WHAT NEEDS TO BE DONE — Each line of the data must be copied exactly.

THE DATA —
-=-=-=-=-

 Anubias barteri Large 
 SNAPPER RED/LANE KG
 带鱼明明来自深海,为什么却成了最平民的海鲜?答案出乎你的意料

-=-=-=-=-

RESULT FOR THIS TASK —
 Anubias barteri Large 
 SNAPPER RED/LANE KG
 带鱼明明来自深海,为什么却成了最平民的海鲜?答案出乎你的意料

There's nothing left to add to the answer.